There is a map $\partial(e^{n+m}) =\partial (e^m \times e^n)=e^m \times \partial e^n \sqcup_{\partial e^m \times \partial e^n} \partial e^m \times e^n \to S^m \sqcup_\text{pt} S^n=S^m \vee S^n$.

This map is induced from the two maps $e^m \times \partial e^n \to e^m \to e^m/\partial e^m=S^m \hookrightarrow S^m \vee S^n$ and $\partial e^m \times e^n \to e^n \to e^n/\partial e^n=S^n \to S^m \vee S^n$.

The mapping cone $C(\partial(e^{n+m}) \to S^m \vee S^n)=S^m \times S^n$.

Exercise: For any map $X \to Y$ and $x \in C(X)\setminus X$, $C(X \to Y) \setminus \{x\} $ is homotopy equivalent to $Y$.

Therefore $S^m \times S^n$ minus a point in the image of the interior of $e^{n+m}$ is homotopy equivalent to $S^m \vee S^n$.

Answer 2

Sorry, this is not totally rigourous but I think the idea is correct.
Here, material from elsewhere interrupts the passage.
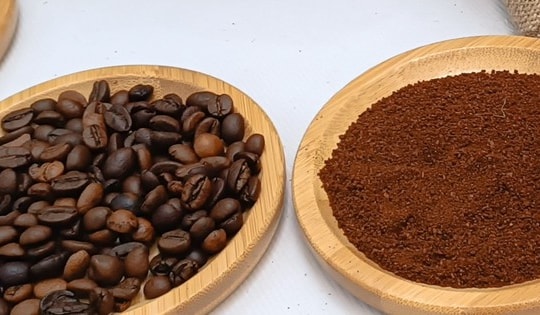 Giá cà phê hôm nay 13-12: Cuối tuần lao dốc, mốc 100.000 đồng/kg không còn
Consider a point $(p,q) \in S^2 \times S^4$. We'll retract $S^2 \times S^4 \backslash \{(-p,-q)\}$ to $\{p\} \times S^4 \cup S^2 \times \{q\}$ which is isomorphic to $S^2 \vee S^4$ wedged at $(p,q)$.

Take any point $(x,y)$ in $S^2 \times S^4 \backslash \{ (-p,-q) \}$ and take the geodesic $\gamma_{(x,y)}$ which relies $(-p,-q)$ to $(x,y)$. Define $r(x,y)$ = the closest point of $(x,y)$ in $\gamma_{(x,y)} \cap (\{p\} \times S^4 \cup S^2 \times \{q\})$. Notice that $r_{|\{p\} \times S^4 \cup S^2 \times \{q\}} = \text{id}$. It is clear by construction that $ \text{im}(r) = \{p\} \times S^4 \cup S^2 \times \{q\}$. Thus $(x,y)$ in $S^2 \times S^4 \backslash \{ (-p,-q) \}$ retracts on $S^2 \vee S^4$.